The old man leaned back in his rocker, a wise grin settling among his sagging skinfolds. Well now, he said. Shore, I remember that right well. Been about ten year ago I’d say. There followed a moment of silence in which he seemed to be contemplating with satyric pleasure some old deed. Then he crossed one knee over the other and leaned forward. Shore, he repeated, I heard it. Many’s the time. Had folks stirred up and scared all of one summer. Yessir, stirred up a blue fog of speculatin,

What’d it sound like? the boy asked.

Oh, purty fierce …

Well, you reckon it was a painter?

Nope, the old man said.

After a minute Warn said, What was it?

The old man had begun to rock gently, a benign look upon his face, composed in wisdom, old hierophant savoring a favorite truth … He stopped and looked down at them. Well, I’ll tell ye. It was a hoot-owl.

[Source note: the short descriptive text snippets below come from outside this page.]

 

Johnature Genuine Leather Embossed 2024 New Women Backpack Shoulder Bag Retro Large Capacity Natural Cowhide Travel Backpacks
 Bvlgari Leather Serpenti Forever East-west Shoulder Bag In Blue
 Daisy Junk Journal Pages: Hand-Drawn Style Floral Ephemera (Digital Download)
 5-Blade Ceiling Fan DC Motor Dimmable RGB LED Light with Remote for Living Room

He studied their fallen faces, the hopeful incredulity. Yep, he said, a hoot-owl. One of them big’ns, screechin and a-hollerin on this mountain of summer evenins like any painter. They’s folks said painter, folks said not. But I knowed what it was right along. So I let em do their speculatin and arguin … I recollect one evenin I was at the store gettin some things, late summer it was and nigh dark, bout eight o’clock I reckon, when it commenced hollerin. Well, I never said nothin. In a little bit it come again. Boys, I mean it got quiet in that store to where you could hear the ants in the candy jar. Stit I never let on nothin and after a while Bob Kirby—he’s there—he hollered at me and he said, Hey! Uncle Ather. You fixin to walk crost that mountain tonight?

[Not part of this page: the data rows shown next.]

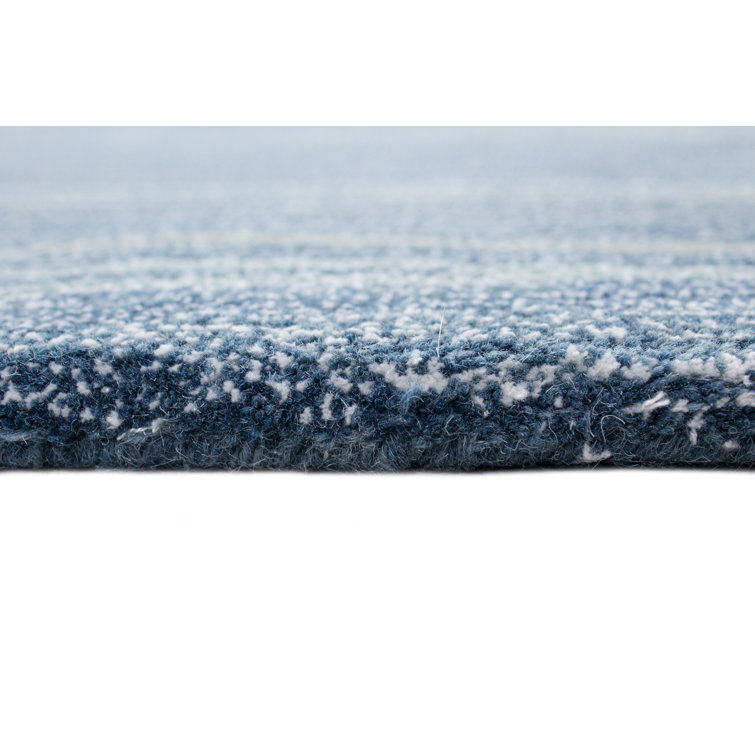 Blue Wool Handmade Floral Tufted 4' x 6' Rug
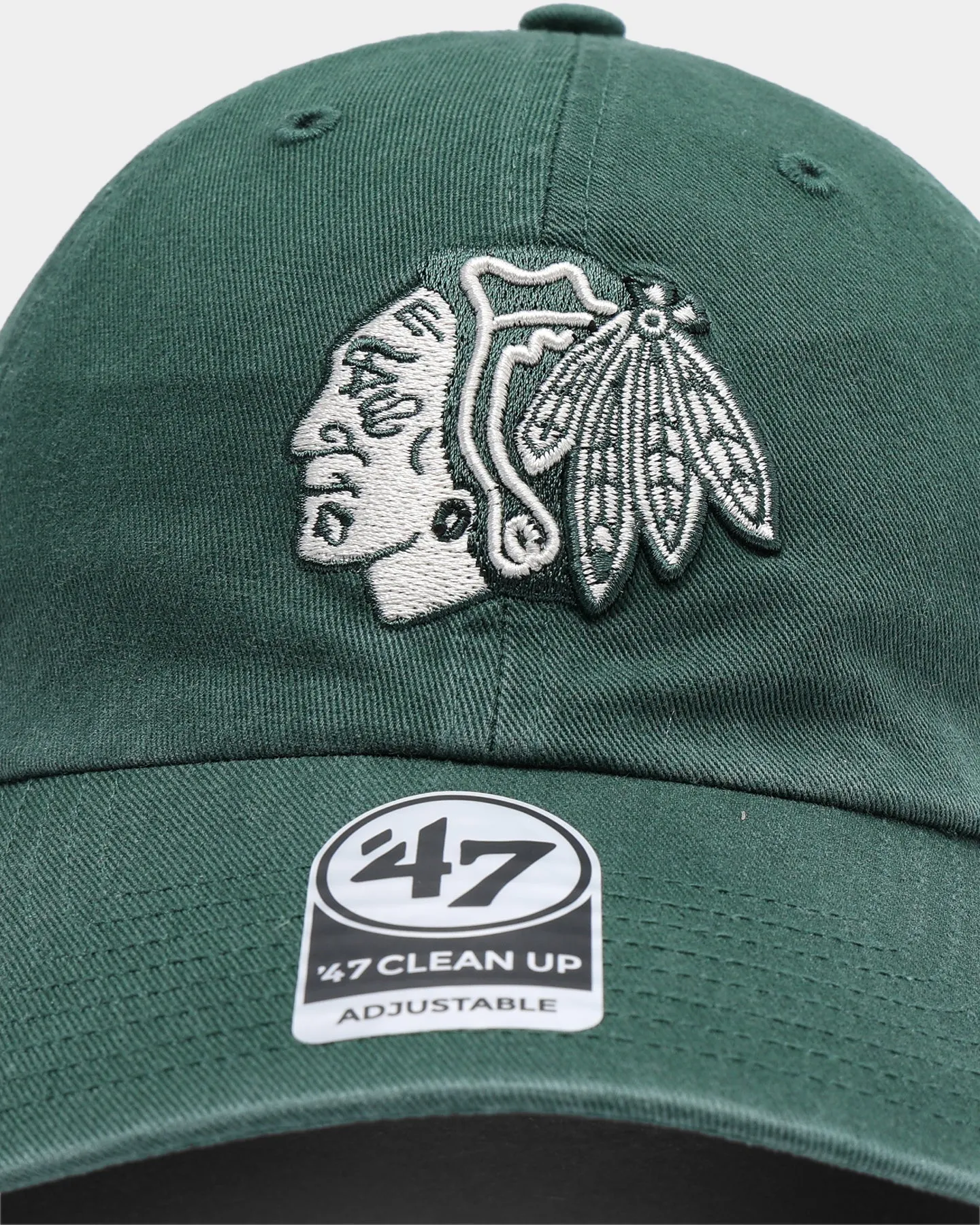 47 Brand Chicago Blackhawks Clean Up Strapback Dark Green/Natural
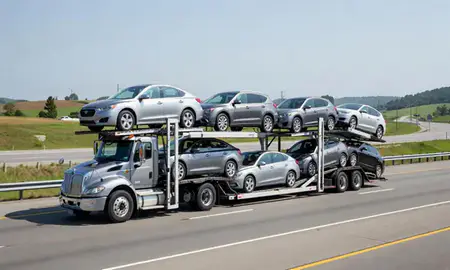 Multi-level car carrier on the highway to Johnson City, Tennessee, United States
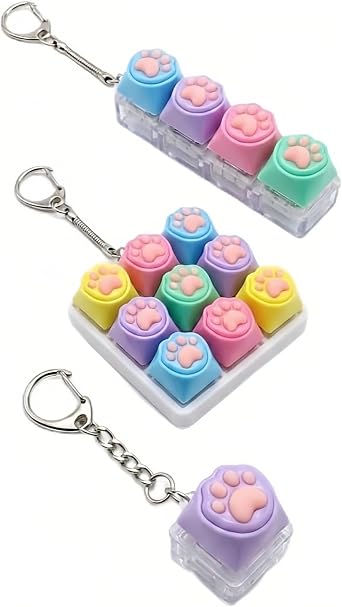 Keyboard Fidget Keychain Set | Clicker Fidget Toy with Mechanical Keycap Feel | Sensory Stress Relief for Adults & Teens | Office Desk Gift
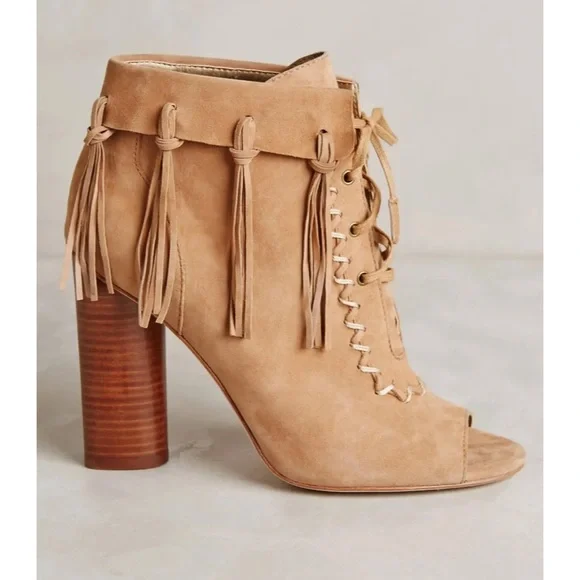 Cynthia Vincent Nailed Fringe Open Toed Booties - SZ 9.5 - New W/O Box - Picture 3 of 14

Well, I turned to him kind of surprised-like and I said, Why shore. A feller’s got to get home sometime, and the best way he can. How come you to ast me that?

He jest looked at me for a minute, then he kind of grinned and he said, Cain’t you hear that wampus cat?

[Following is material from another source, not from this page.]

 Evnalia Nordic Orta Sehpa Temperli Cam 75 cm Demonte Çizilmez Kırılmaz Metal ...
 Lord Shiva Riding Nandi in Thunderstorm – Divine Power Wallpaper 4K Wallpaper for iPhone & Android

Why, I said, shore I hear it. Anybody’t wadn’t deaf could hear that, I reckon.

Well, he kind of figured he had me then so he says, Ain’t you skeered of painters, Uncle Ather?

Why shore, I says. Anybody ceptin a fool’d be skeered of one, a full-growed one leastways.

Then I never said nothin, jest went to the dope box and got me a dope and commenced drinkin it and lookin at my watch ever oncet in a while. I could see he was plenty puzzled and he tried to slip a grin to the rest of the fellers there once or twicet cept they wadn’t grinnin and I reckon was more puzzleder’n he was. So he never
said nothin neither, but after a while they’s a young feller there, he piped up and ast me if that wadn’t a full-growed one that was raisin all that hell out there. Well, about that time it come again, hollerin, and I looked at him and I said, They Lord God, son, I don’t know what you’d do if a growed one was to squall. Why that ain’t nothin there. But then course they ain’t painters round like they used to be. Back fifty, sixty years ago they’d sing out back and forth crost these mountains all night of a summer till you got to where you couldn’t sleep lessen you did hear em. But it takes a big old tom painter to set up a fuss. That there ain’t nothin. I told him that and about that time shore enough that owl let out another screech couldn’t of been a hundred yards off and I could see the hackles come up on his neck and on Bob Kirby’s too.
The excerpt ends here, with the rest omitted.